Records from a data collection
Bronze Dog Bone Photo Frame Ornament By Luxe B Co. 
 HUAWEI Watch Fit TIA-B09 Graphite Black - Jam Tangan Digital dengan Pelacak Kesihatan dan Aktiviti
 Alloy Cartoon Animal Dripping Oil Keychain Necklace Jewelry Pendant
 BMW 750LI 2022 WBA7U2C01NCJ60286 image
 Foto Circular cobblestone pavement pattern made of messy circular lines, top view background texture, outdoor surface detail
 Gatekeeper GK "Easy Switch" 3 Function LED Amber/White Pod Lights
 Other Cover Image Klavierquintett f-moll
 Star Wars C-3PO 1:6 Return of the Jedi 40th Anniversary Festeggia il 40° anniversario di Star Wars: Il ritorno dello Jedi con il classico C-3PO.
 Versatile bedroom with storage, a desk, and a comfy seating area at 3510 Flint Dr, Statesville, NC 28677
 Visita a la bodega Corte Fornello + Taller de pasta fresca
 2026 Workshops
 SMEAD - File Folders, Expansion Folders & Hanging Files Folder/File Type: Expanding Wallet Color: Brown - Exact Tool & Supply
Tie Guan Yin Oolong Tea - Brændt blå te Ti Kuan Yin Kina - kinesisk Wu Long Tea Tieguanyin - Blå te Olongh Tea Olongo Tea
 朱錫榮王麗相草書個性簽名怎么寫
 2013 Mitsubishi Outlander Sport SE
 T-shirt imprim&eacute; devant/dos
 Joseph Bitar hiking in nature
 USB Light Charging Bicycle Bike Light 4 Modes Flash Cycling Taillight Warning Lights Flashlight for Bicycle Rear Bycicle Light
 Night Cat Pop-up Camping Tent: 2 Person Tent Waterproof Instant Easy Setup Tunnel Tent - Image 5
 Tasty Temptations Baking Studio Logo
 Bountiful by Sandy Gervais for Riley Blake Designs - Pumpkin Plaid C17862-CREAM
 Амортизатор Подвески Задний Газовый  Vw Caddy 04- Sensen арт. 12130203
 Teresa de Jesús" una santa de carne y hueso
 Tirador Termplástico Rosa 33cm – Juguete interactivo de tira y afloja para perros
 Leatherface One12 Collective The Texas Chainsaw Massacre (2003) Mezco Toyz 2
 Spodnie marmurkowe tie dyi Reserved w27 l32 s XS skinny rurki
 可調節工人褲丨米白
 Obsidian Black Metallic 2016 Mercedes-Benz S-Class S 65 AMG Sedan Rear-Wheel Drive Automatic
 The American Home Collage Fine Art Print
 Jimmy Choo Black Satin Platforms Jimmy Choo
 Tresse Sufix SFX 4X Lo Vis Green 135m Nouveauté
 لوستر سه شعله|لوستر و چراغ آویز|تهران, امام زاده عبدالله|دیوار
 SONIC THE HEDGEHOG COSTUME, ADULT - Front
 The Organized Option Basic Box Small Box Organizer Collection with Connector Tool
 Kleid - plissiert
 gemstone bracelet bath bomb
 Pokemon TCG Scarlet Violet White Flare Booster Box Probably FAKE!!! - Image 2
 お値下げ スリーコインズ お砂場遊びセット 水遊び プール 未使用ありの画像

● **THE TASK**
Print exactly the lines above, between the one holding "2013 Mitsubishi Outlander Sport SE" and the one holding "Tirador Termplástico Rosa", inclusive, and nothing besides.

● **FINISHED EXERCISE**
 2013 Mitsubishi Outlander Sport SE
 T-shirt imprim&eacute; devant/dos
 Joseph Bitar hiking in nature
 USB Light Charging Bicycle Bike Light 4 Modes Flash Cycling Taillight Warning Lights Flashlight for Bicycle Rear Bycicle Light
 Night Cat Pop-up Camping Tent: 2 Person Tent Waterproof Instant Easy Setup Tunnel Tent - Image 5
 Tasty Temptations Baking Studio Logo
 Bountiful by Sandy Gervais for Riley Blake Designs - Pumpkin Plaid C17862-CREAM
 Амортизатор Подвески Задний Газовый  Vw Caddy 04- Sensen арт. 12130203
 Teresa de Jesús" una santa de carne y hueso
 Tirador Termplástico Rosa 33cm – Juguete interactivo de tira y afloja para perros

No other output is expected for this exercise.